> Data for this exercise:
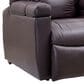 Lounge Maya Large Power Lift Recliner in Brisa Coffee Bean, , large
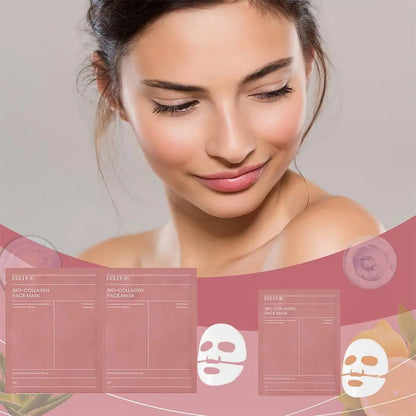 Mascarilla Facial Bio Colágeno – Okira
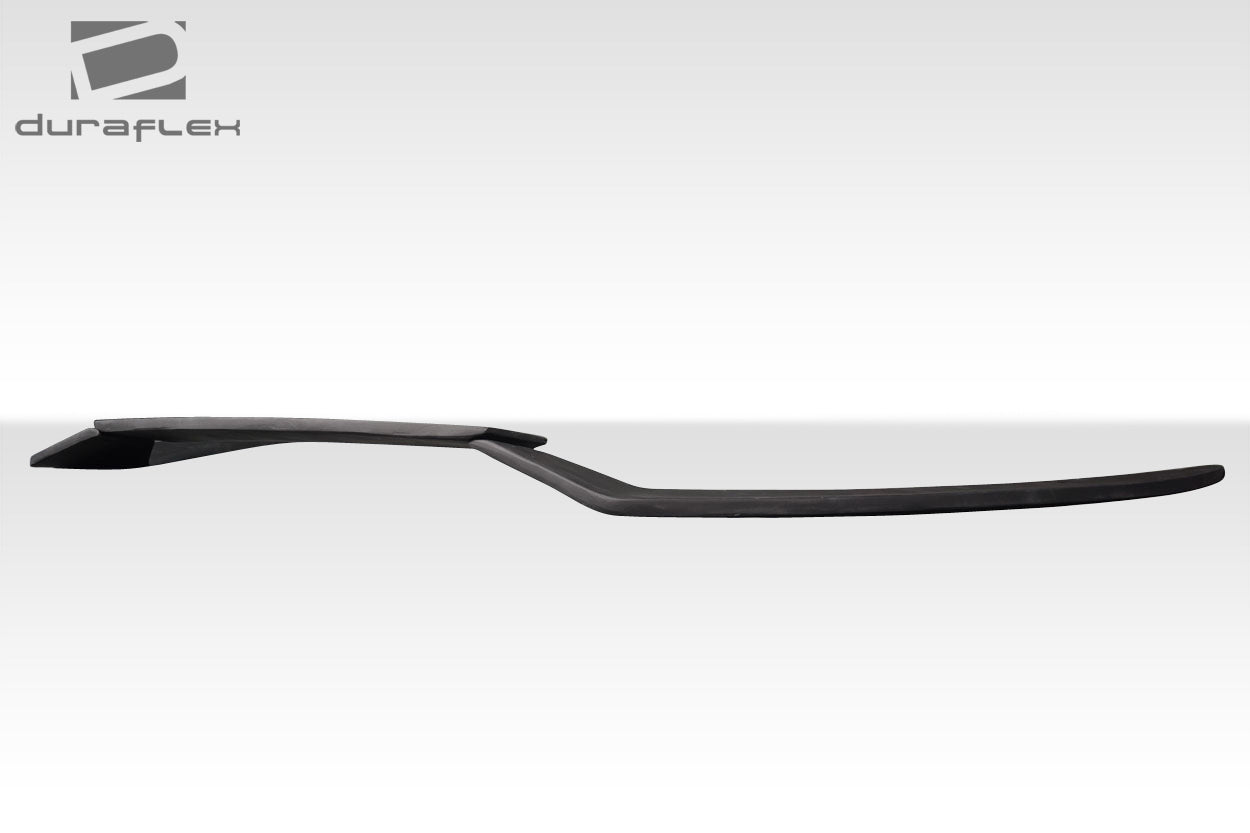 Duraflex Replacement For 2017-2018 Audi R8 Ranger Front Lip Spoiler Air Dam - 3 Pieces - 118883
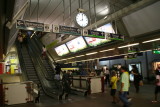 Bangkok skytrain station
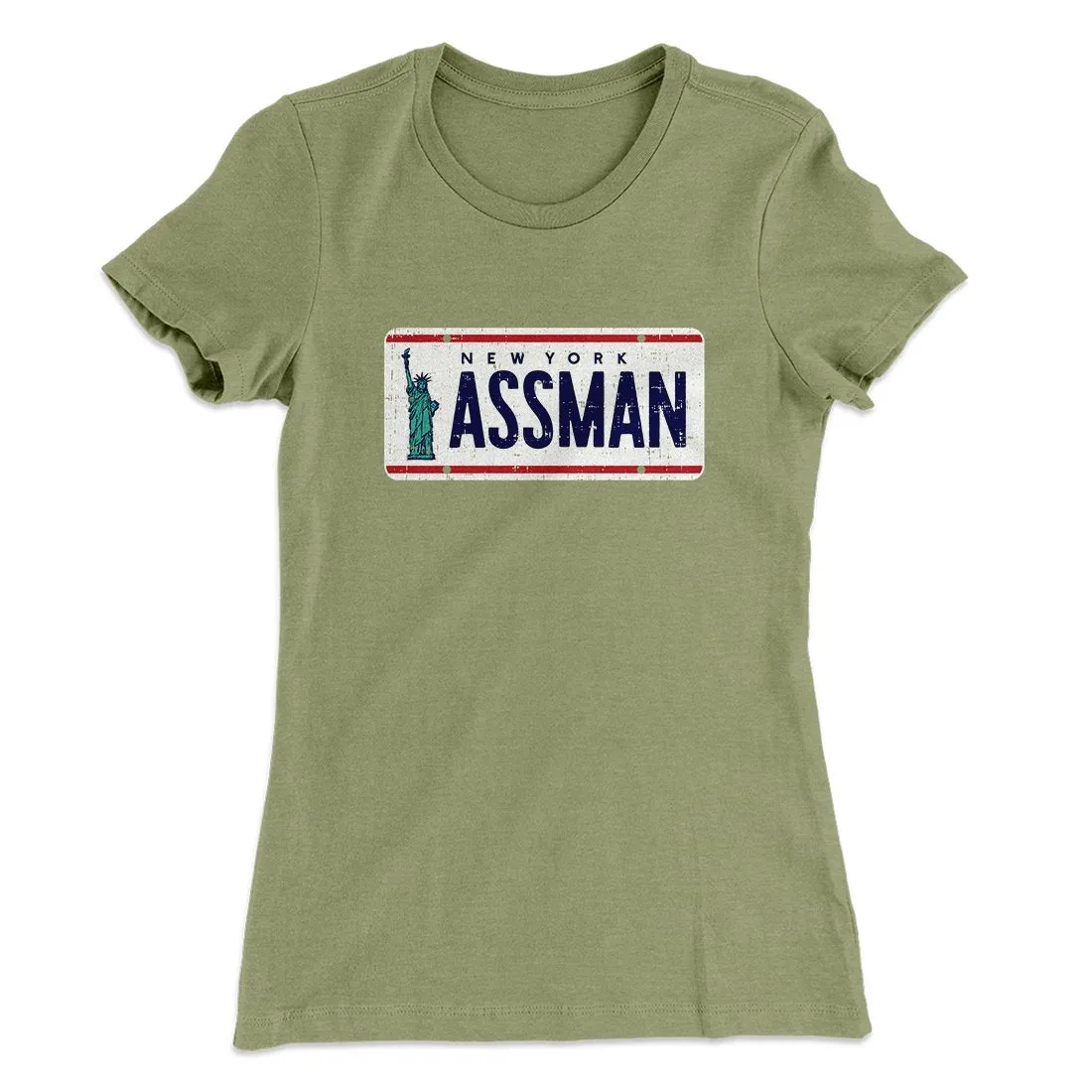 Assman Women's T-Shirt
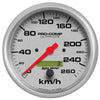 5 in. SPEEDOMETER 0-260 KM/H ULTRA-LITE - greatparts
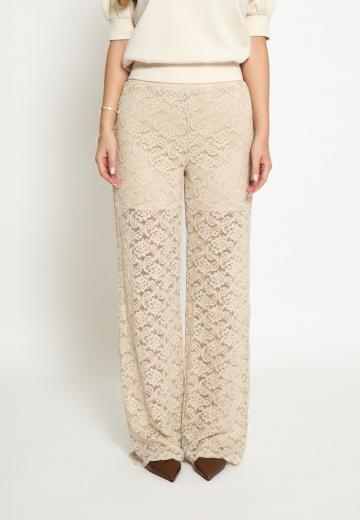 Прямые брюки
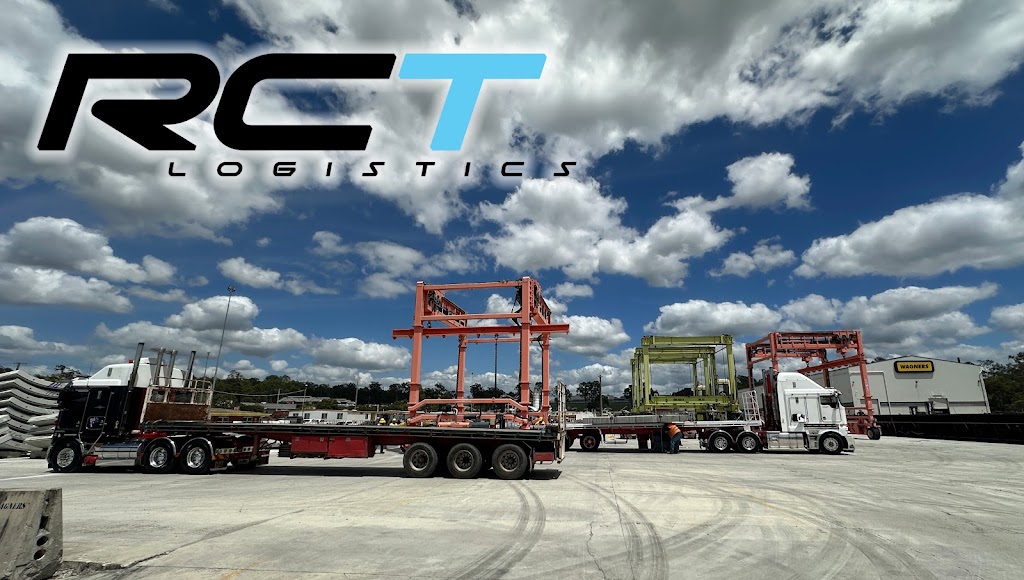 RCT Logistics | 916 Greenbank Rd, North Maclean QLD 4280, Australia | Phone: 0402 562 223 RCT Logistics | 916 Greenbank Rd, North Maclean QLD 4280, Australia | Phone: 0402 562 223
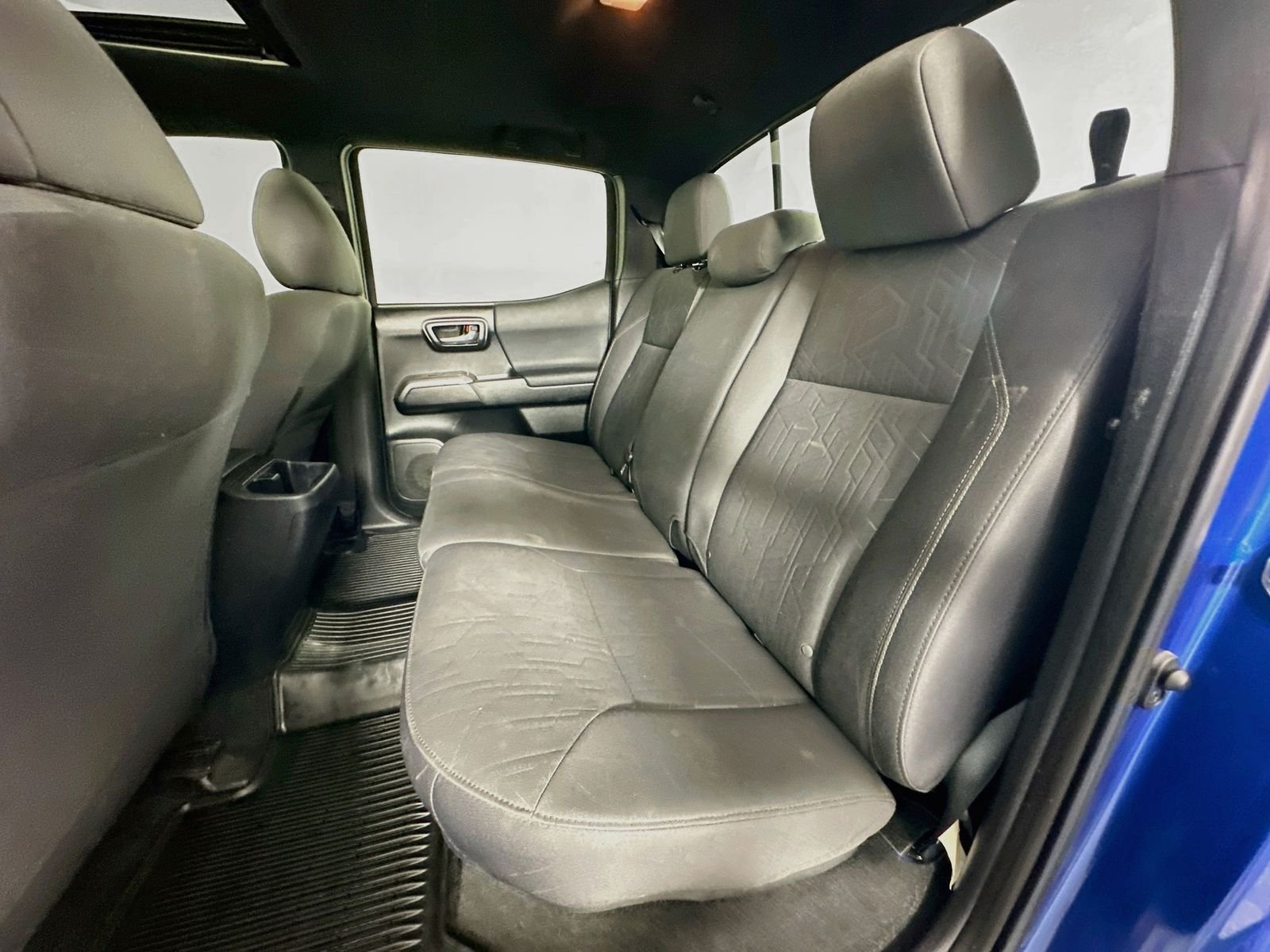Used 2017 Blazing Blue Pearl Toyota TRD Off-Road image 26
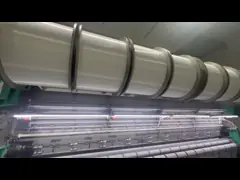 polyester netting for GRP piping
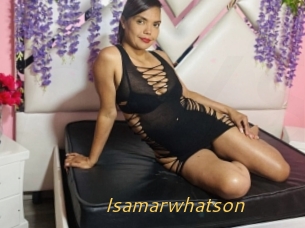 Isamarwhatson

> Task item: Any pictures should be dropped; transcribe the rest of the records above exactly.

> Response to this task:
 Lounge Maya Large Power Lift Recliner in Brisa Coffee Bean, , large
 Mascarilla Facial Bio Colágeno – Okira
 Duraflex Replacement For 2017-2018 Audi R8 Ranger Front Lip Spoiler Air Dam - 3 Pieces - 118883
 Bangkok skytrain station
 Assman Women's T-Shirt
 5 in. SPEEDOMETER 0-260 KM/H ULTRA-LITE - greatparts
 Прямые брюки
 RCT Logistics | 916 Greenbank Rd, North Maclean QLD 4280, Australia | Phone: 0402 562 223 RCT Logistics | 916 Greenbank Rd, North Maclean QLD 4280, Australia | Phone: 0402 562 223
Used 2017 Blazing Blue Pearl Toyota TRD Off-Road image 26
 polyester netting for GRP piping
 Isamarwhatson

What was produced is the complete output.